Figure

La recensione del libro di Riccardo Falcinelli, Einaudi, 528 pp., 24 euro

Gaia Montanaro

    In questo libro proveremo a cambiare il paradigma: anziché spiegare cosa significano le immagini ci chiederemo come funzionano. Non le tratteremo più come simboli da decifrare ma come orologi da smontare”. E’ questo l’innesco con cui si comincia a leggere Figure, di Riccardo Falcinelli.

     

    Il presupposto per chi affronta questi discorsi visivi, a metà tra parole e immagini, è quello di farsi delle domande, di ragionare su quello che vediamo non prendendolo come un assunto ma cercando di intravvederne la logica – formale, estetica, costruttiva, culturale e persino emotiva – che le anima. Questa postura, il punto di vista che si assume, diventa in qualche modo il metodo attraverso il quale vengono decodificate le immagini più diverse, dai dipinti di Raffaello, alle linee ortogonali di Mondrian fino ad arrivare alle inquadrature dei film di Spielberg e alle foto su Instagram.

      

    Ci sono formati, tagli, diagonali, ritmi, cornici; tutti elementi che influiscono – più o meno esplicitamente – sulla percezione delle immagini. E sulla risonanza che queste hanno su ciascuno.
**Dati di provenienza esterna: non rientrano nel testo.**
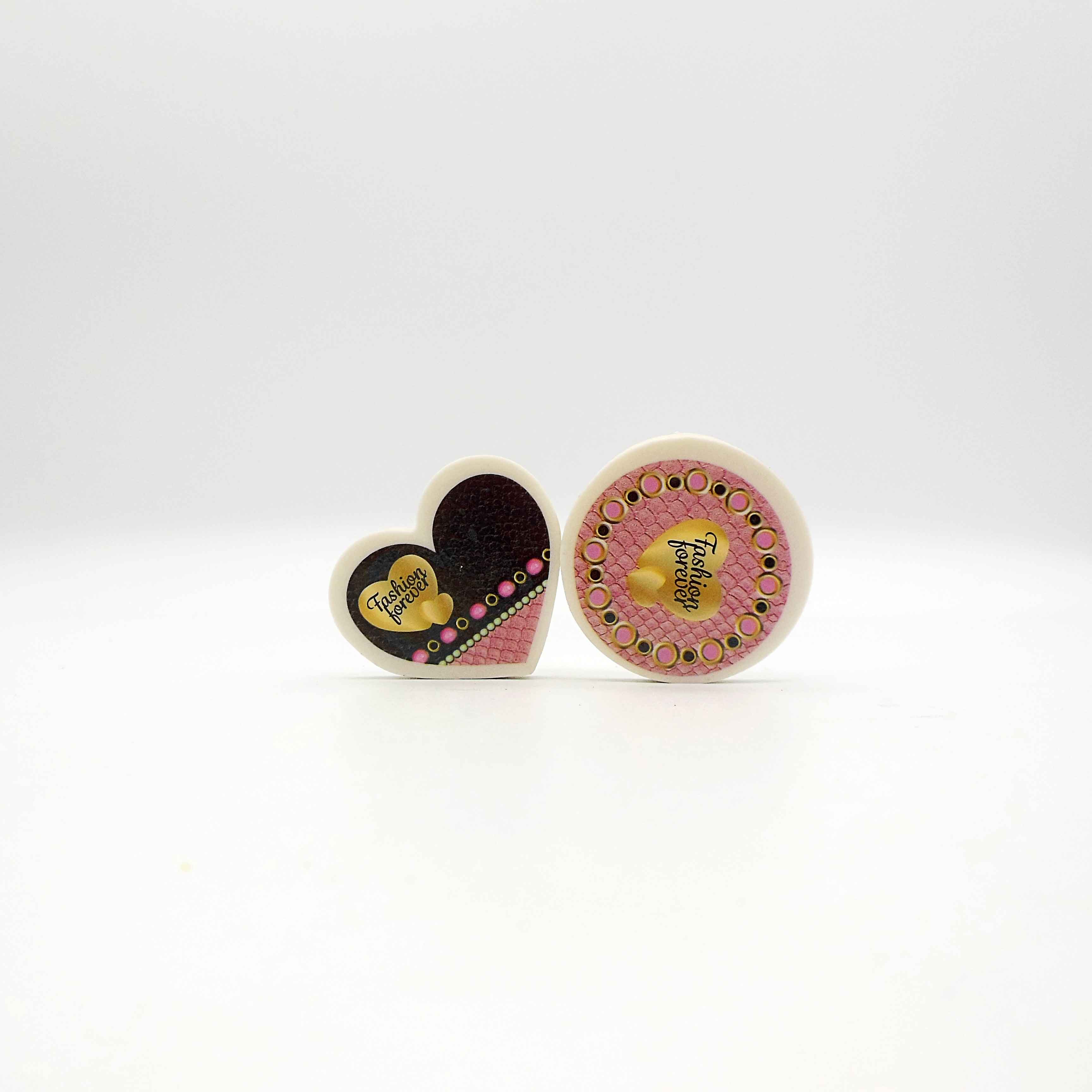 Five girls series Thermal transfer eraser set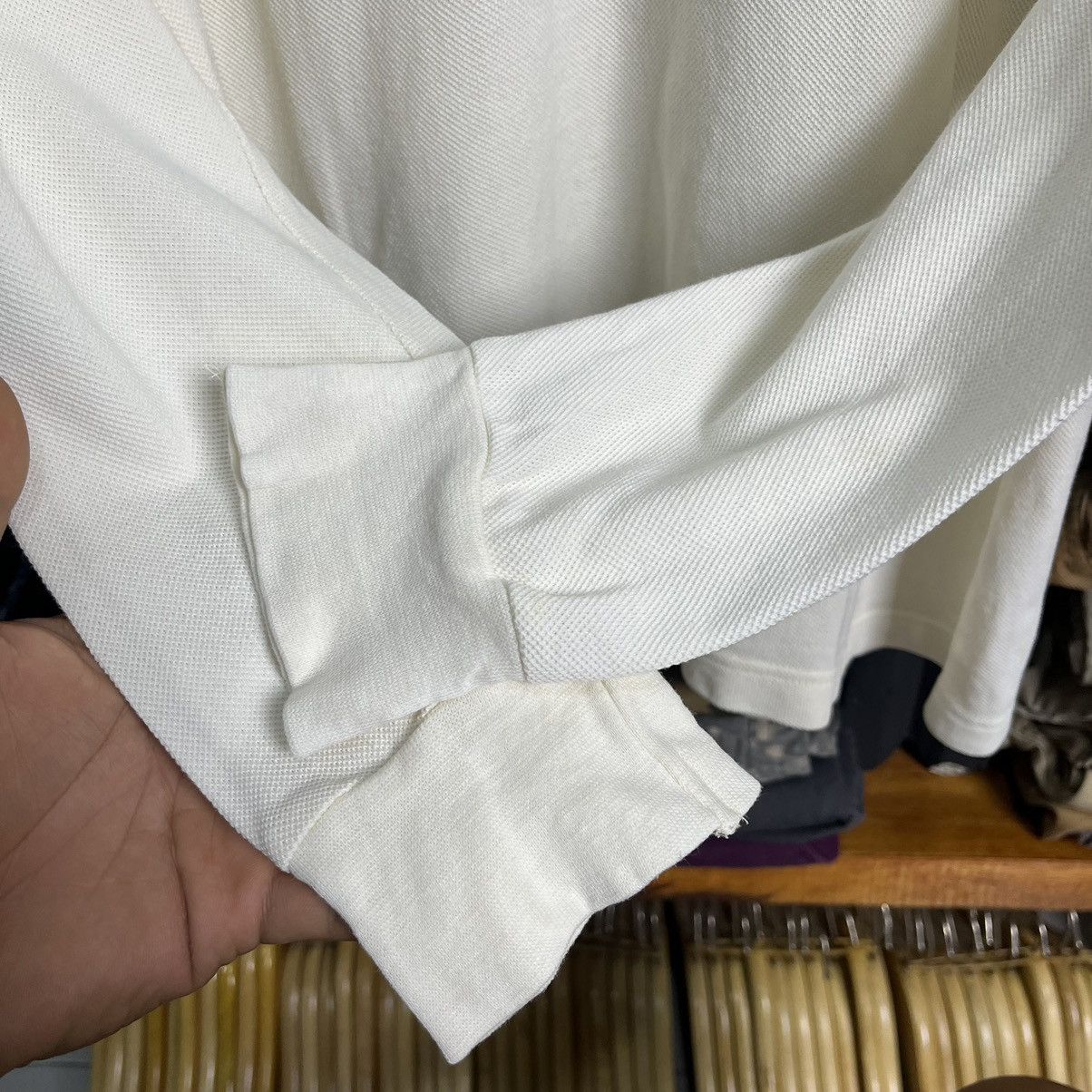 Burberry × Burberry Prorsum × Vintage Treasure! Vintage Burberry Nova Check White on White Polos Size US S / EU 44-46 / 1 - 5 Thumbnail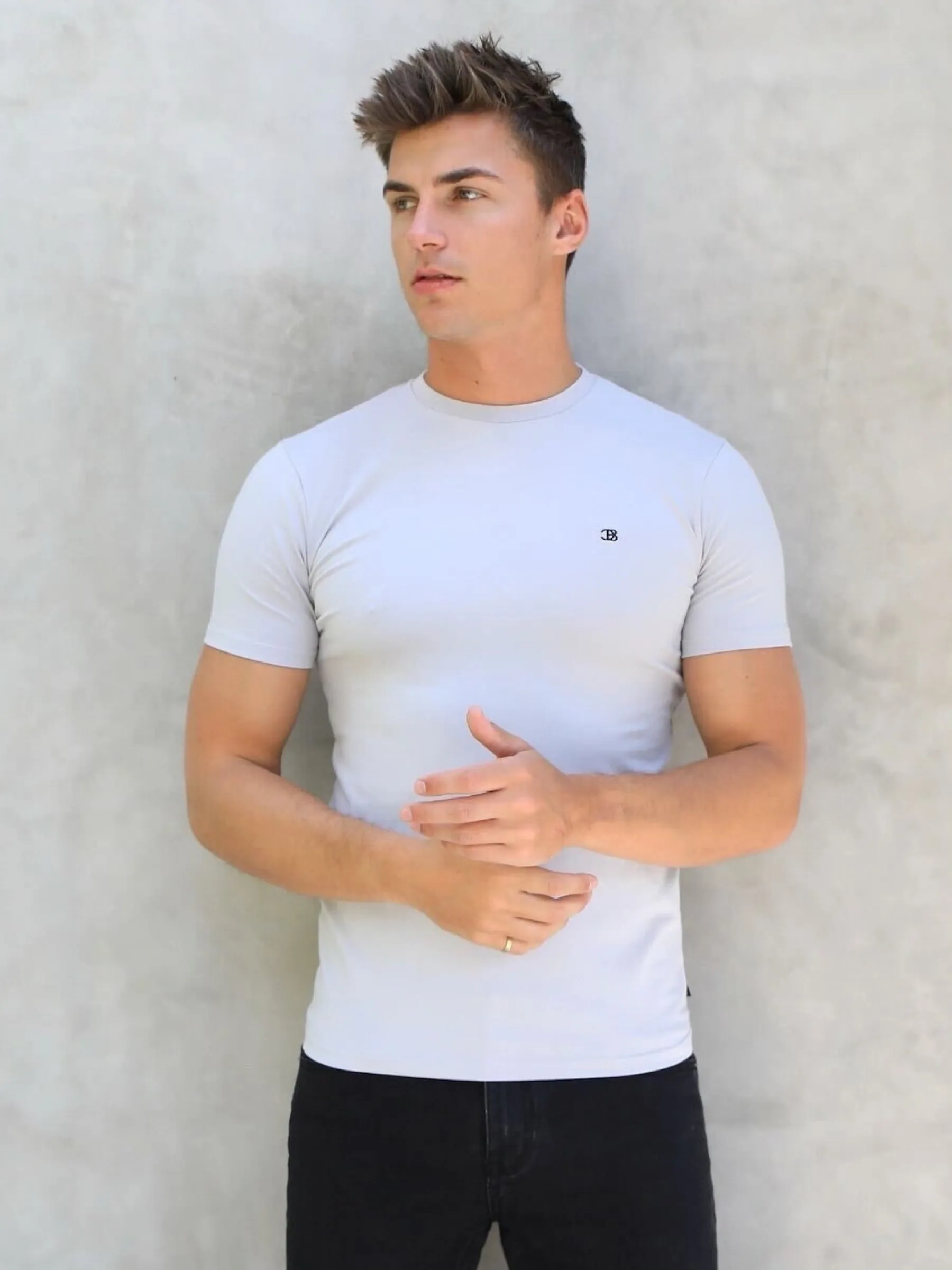 Initial Crew T-Shirt - Stone sold by Blakely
Occorre chiedersi quale sia la logica e la poetica di una certa immagine, la temperatura narrativa che produce, lo scopo e quindi il tipo di fruizione per cui è stata creata. “E’ l’eredità più importante del Novecento, oggi infatti non c’è linguaggio – dal film ai fumetti, dalla grafica ai videogiochi – in cui il senso non risieda in un qualche tipo di montaggio: ossia nella scelta, nell’uso, nell’accostamento”.

     

    Le immagini sono sempre inserite in un contesto, dialogano tra loro e possono acquisire significati nuovi e altri a seconda di come vengono messe in relazione tra loro. Sono rapporti di tipo ritmico o narrativo, estetico o semantico. Sguardi diversi sempre filtrati da un codice culturale che diventa un viatico interpretativo. Falcinelli maneggia con sapienza questi codici, usando spesso la chiave ironica e del gioco. Incuriosisce il lettore, lo avvince con domande coinvolgenti e con leggerezza lo porta a comprendere e sperimentare prospettive interessanti e inedite.

      

    Ciascuno può trovare un discorso figurativo che lo catturi, il proprio palinsesto di immagini, un taglio personale. Come per la fotografia di reportage scattata in Vietnam nel 1972 e che è valsa a Nick Út il Premio Pulitzer. Che cosa fa di quell’immagine un’immagine migliore di un’altra? Nella foto di Út, svela Falcinelli, la chiave di volta è stato il fatto che il fotografo avesse deciso, forse istintivamente, di piegare le ginocchia prima di scattare e di mettersi all’altezza della bambina che fugge terrorizzata dal bombardamento. Ha la coscienza che sta fotografando un essere umano e questo fa tutta la differenza del mondo in quell’immagine. Ha il senso del suo gesto. “Qualcosa è un paradiso non perché è bello ma perché è sensato” scriveva Elsa Morante. Falcinelli lo ricorda ed è proprio questo suo sguardo che tiene insieme tutto. Rimane il desidero di imparare a guardare così. In qualche caso, di vedere davvero per la prima volta.